The Problem with Adam and Aaron

I recently checked out a book from the library. I’ve met the author
and think of myself as a “special” fan of his, since he signed my
book and talked to me at dinner one night (but I don’t want to
embarrass him, or me, so he’ll remain anonymous), and I couldn’t wait for my local library to get a copy of the book for me.

Then it came. I opened it. I read chapter one. Then I put it down and
went to sleep. The next night, I picked it up and read chapters two
and three. And put it down. (Side note: I’m the type of person who’ll read a book straight through and skip sleeping entirely, EVEN if the next day is the most important day of my life. If the book is excellent, I won’t put it down.)

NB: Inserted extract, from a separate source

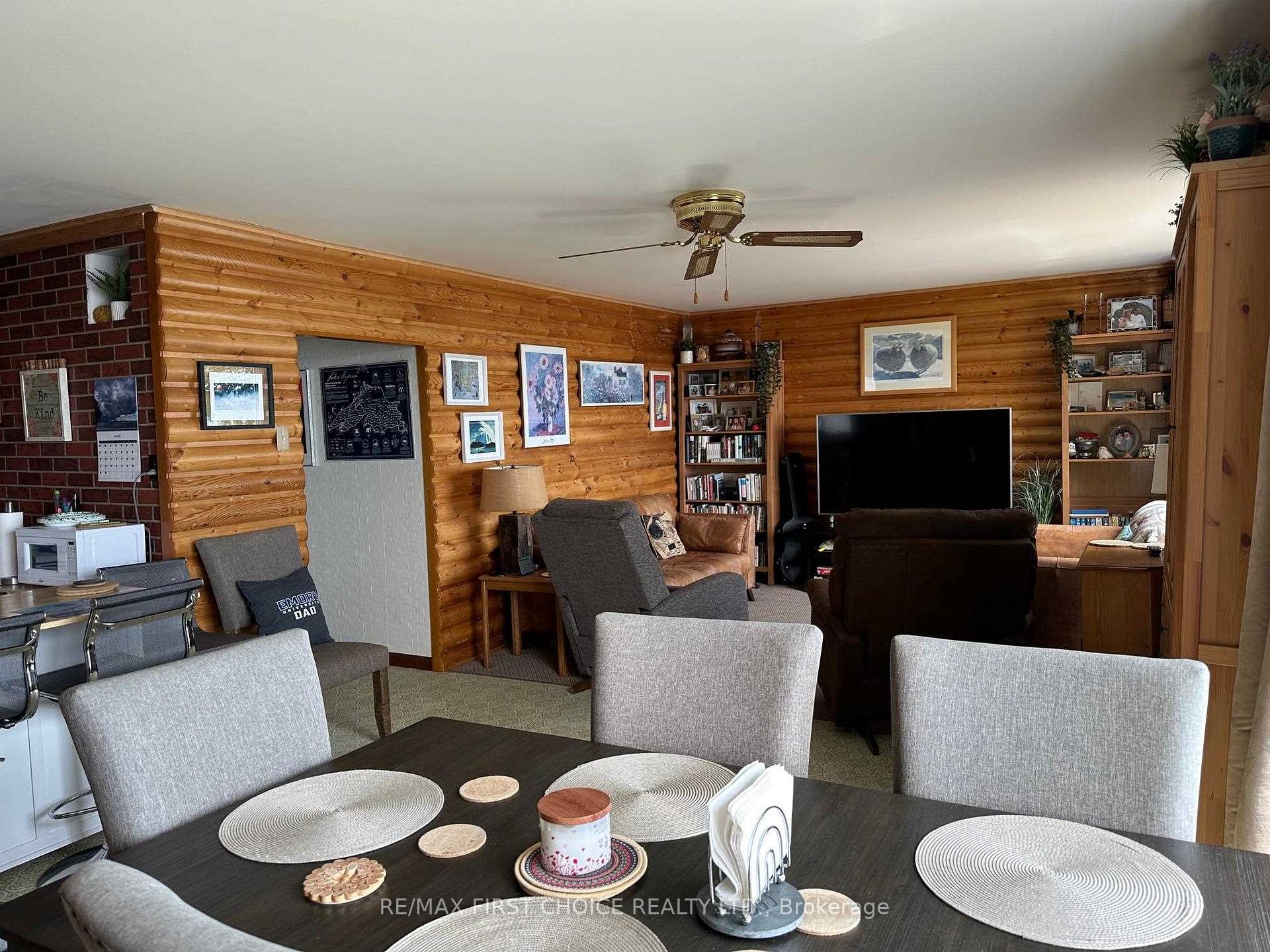 Photo 13 of 1849 MacKenzie Beach Avenue, Shuniah — HOMEH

But I found this book at the bottom of the “to be read” pile. I
managed to read seven or eight other books before I picked it up again and read the next two chapters. Then I put it down and read
something else. I even took it on vacation with me and never opened it once. I had to ask the library if I could keep the book for
another three weeks. At this moment in time, the book mark is between chapters eleven and twelve. (Another side note: I NEVER stop mid- chapter.)

I finally had to ask: what is it about this book that I can’t seem to finish it? I love the author (and his previous works). I’m interested in the premise of the book. The plot goes at a pretty good clip. I want to know what happens to the protagonist. So why can’t I finish it?

After a ton of analysis, I figured it out. Several of the characters had foreign names that I found difficult to pronounce. Usually, this wouldn’t stop me at all. But to make things worse, at least four of them all started with the letter A. I found myself not remembering who these men were. Were they bad guys or good guys? Was one of them a traitor? Or were they all helping the protagonist? For the life of me, I could not keep them separate.

It frustrated me to the point that the story started to not make sense. Why did Adam (names changed to protect the innocent) make this comment to Aaron? And what was Abel doing while Abram talked on the phone to Adam? Did Abram know that Adam tinkered with the brakes? Is Abel in on it with Adam? Or is Adam a good guy who’s just acting like a bad guy to learn the truth? Arggh! I can’t even keep this example straight, and I’m the one who made it up. I also found that it doesn’t do any good to give Adam a beard, make Abel blond, and show Abram walking with a limp. It’s the names that tripped me up.

There’s a lesson in here for us authors: make the character names different enough so the reader can keep them straight. It might be cute, in real life, to name the triplets Janie, Jenny, and Jodie, but
in a novel, these three ladies must be wholly unique people with completely different names. It’s not just a matter of the names all beginning with the same letter. Rhyming names are out (Lori, Dori, and Kori) as are first name/last name similarities (Stephen Schwartz, Jeffrey Stephenson, and Robbie Stevens). This also crosses the gender lines. The hero/heroine pair shouldn’t be named Katie and Kelly, or Jody and Jamie (which is male, which is female?), or even Adam and Amanda. To make the reading as easy as possible for the reader, we authors need to choose names that are easy to remember, easy to pronounce, and different from every other character. I like ethnic names, and there’s a place for specialty names like Seamus, or Ahmad, or Giulio. But most of the names in our stories should be distinct. I won’t dare say common. But we should make life as easy for our readers as possible.